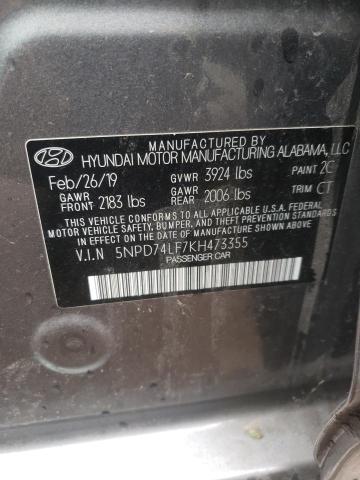 Photo 9 VIN: 5NPD74LF7KH473355 - HYUNDAI ELANTRA SE 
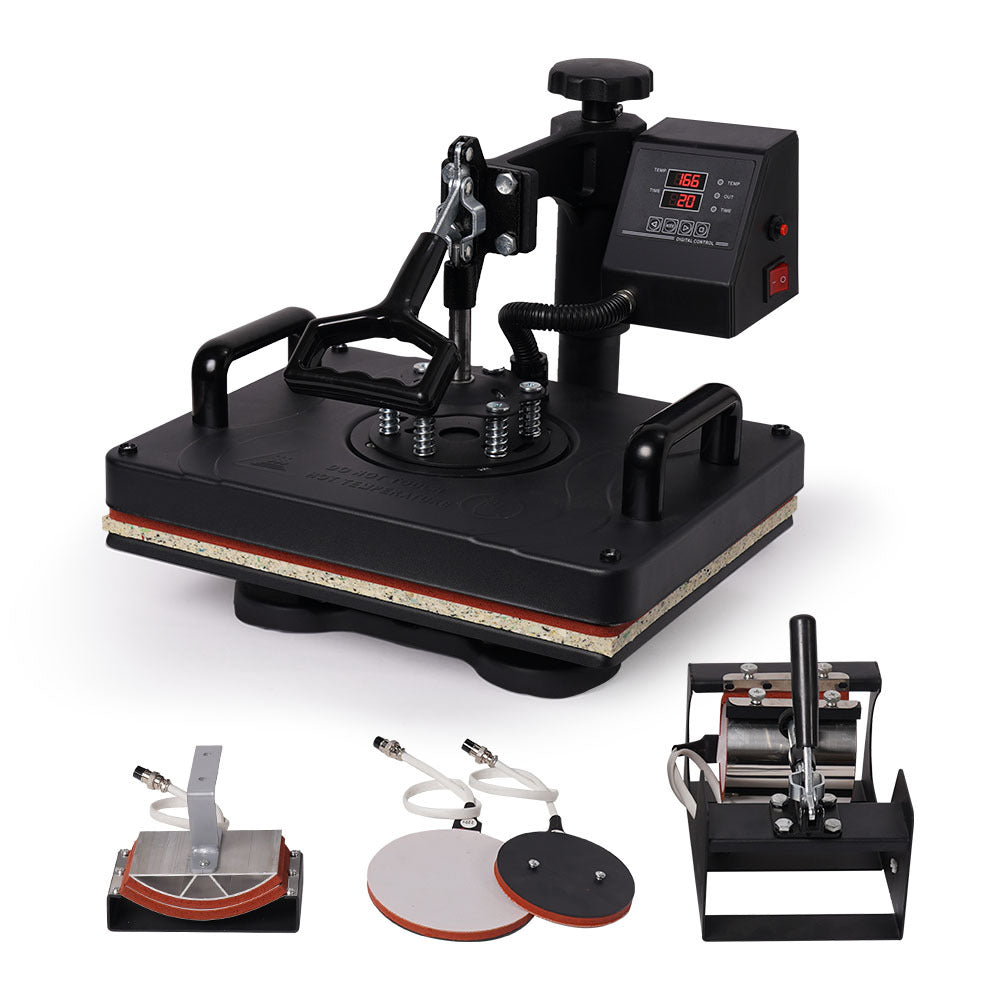 38x29cm 5in1 Swing Away Heat Press Machine, Includes T-Shirt, Mug, Cap, Plate Presses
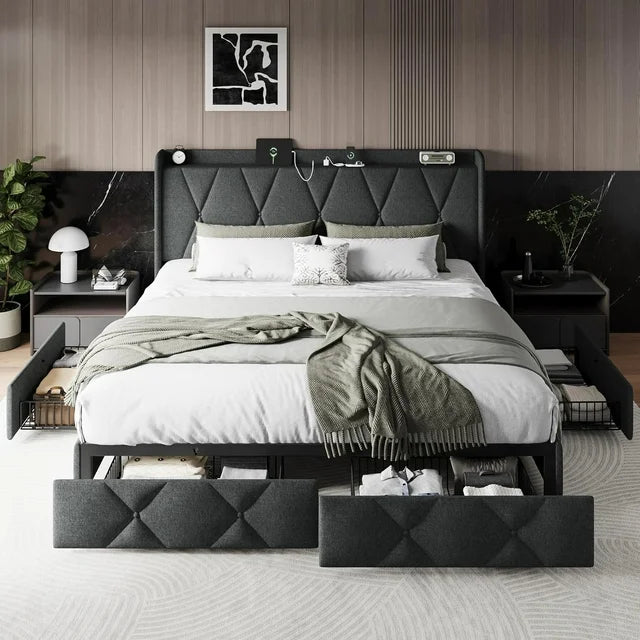 iPormis Bed Frame with Charging Station , Upholstered Bed with 4 Storage Drawers
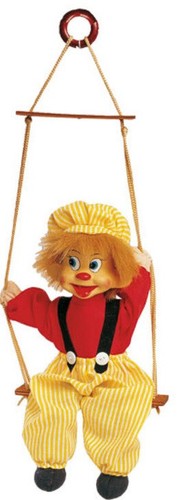 Lustiger clown auf schaukel - clown,
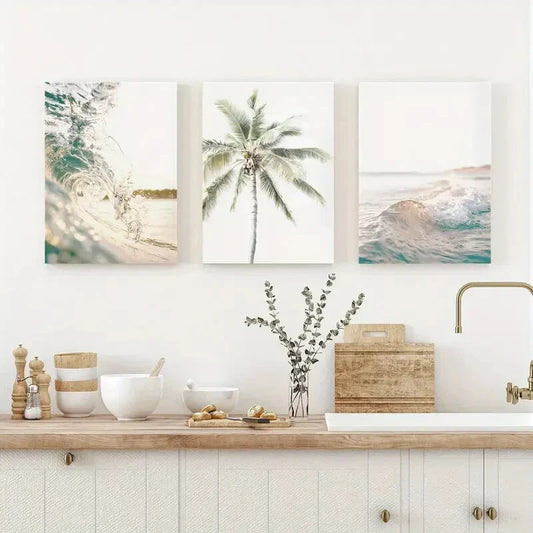 3pcs Ocean Coastal & Palm Tree Design Metal Print Ready to Hang Art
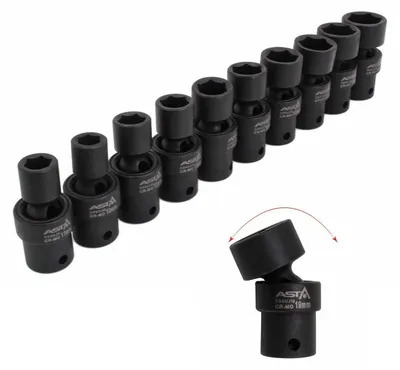Immagine prodotto di Set 10 bussole a impatto snodate, 3/8'', 10-19 mm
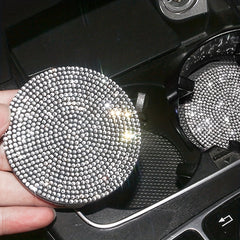 2pcs Car Non-slip Coaster with Artificial Diamond Design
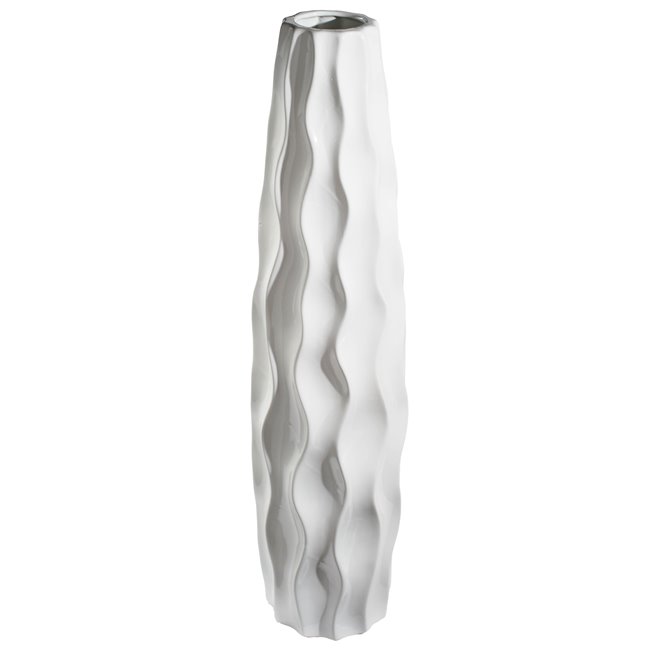 Vase Grettija white,shiny, H78xD19.5cm
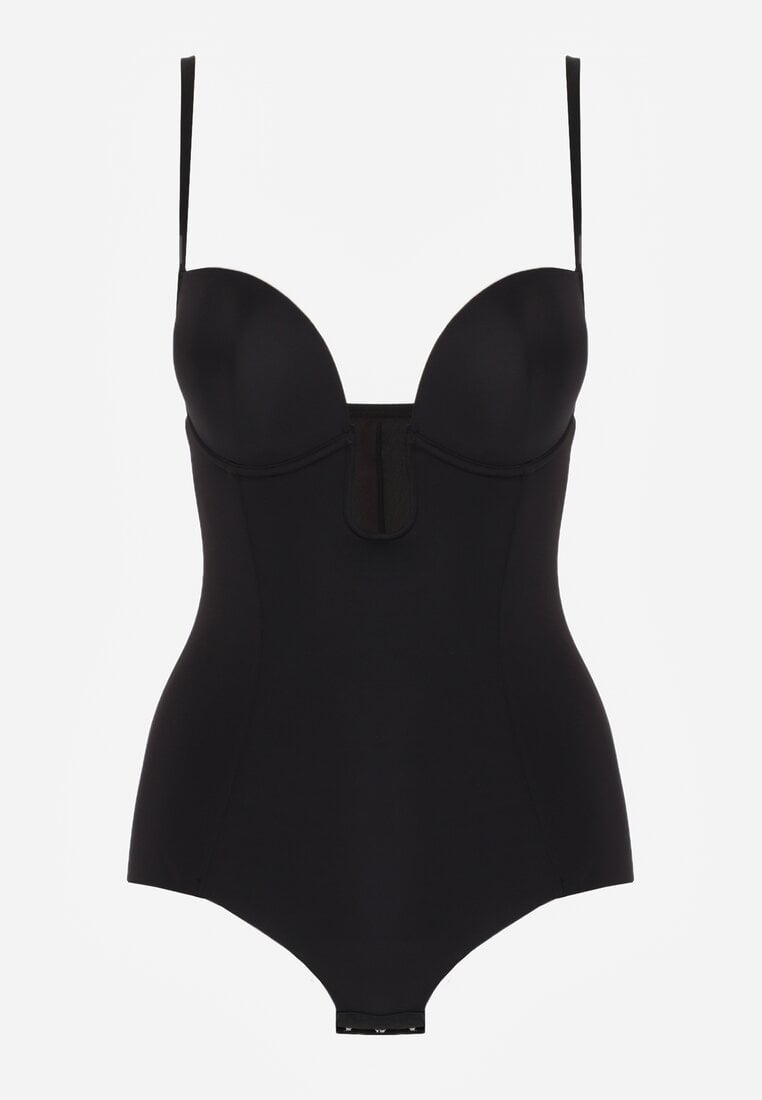 Czarne Bieliźniane Body Modelujące z Wyciętym Dekoltem Theloria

══════

• _Directions_: Copy nothing but the lines from the top of the material through the line holding "Lustiger clown auf", exactly as written; omit pictures.

• _Result for this exercise_:
 Photo 9 VIN: 5NPD74LF7KH473355 - HYUNDAI ELANTRA SE 
 38x29cm 5in1 Swing Away Heat Press Machine, Includes T-Shirt, Mug, Cap, Plate Presses
 iPormis Bed Frame with Charging Station , Upholstered Bed with 4 Storage Drawers
 Lustiger clown auf schaukel - clown,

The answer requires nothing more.